A seven-day jury trial began on March 3, 2009. Pakenas specifically sought to recover for "around the clock care, 24/7, for 53 months;" however, she also stated that she was willing to accept "whatever this jury decides is an appropriate amount of money . . . for [the] attendant care claim .

At trial, the two sides presented dramatically different versions of the facts. According to Pakenas, Rogers is unable to work, has a seizure disorder, is easily lost or confused, requires more or less constant care, and has been severely debilitated by the accident. According to State Farm, Rogers was only mildly injured by the accident; she has held a steady job in a pharmacy since twoyears after the accident, which the owner of the pharmacy attempted to hide; her doctor ignores facts in continuing to prescribe treatment as though Rogers has a seizure disorder, which she does not have; and Rogers basically lives unsupervised while Pakenas and Mr. Rogers bill State Farm for care she does not actually receive.

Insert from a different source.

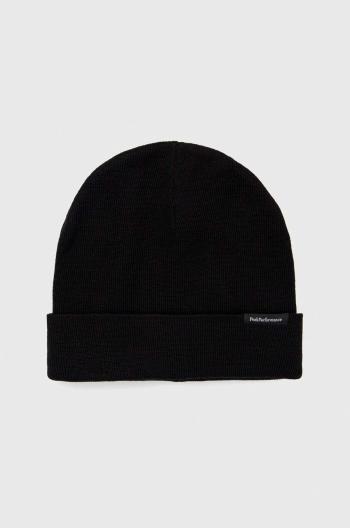 Vlněný klobouk Peak Performance černá barva, z husté pleteniny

Pakenas admitted at trial that between 1976 and 2004 she had not provided Rogers with 24/7 care. She stated that she cared for Rogers, but also took care of her own family and her father. She testified that in the 1990s Rogers began to make "sudden changes" that led to an increase in her care, but admitted that there had still been "very short periods of time" when Rogers had been left alone.

On cross-examination, State Farm elicited testimony from Pakenas that Rogers did not have "actual physical seizures," but that "various medical providers . . . have said that [Rogers] is not having real seizures [but] she may be having pseudo seizures." These seizures were deemed "psychosomatic" or "psychogenic." Pakenas admitted that Rogers sometimes went to doctor's appointments by herself, and that "there would be some days where . . . she was by herself, but for the majority, and this is a big majority, either John, myself or she's been at the pharmacy, one of the kids, you know, whatever, somebody has managed to be with Patti." Pakenas equivocated on the number of hours a day that care was provided to Patti, testifying that it might have been "23 and a half [hours]. It might be 20. It might be 21 . . . ."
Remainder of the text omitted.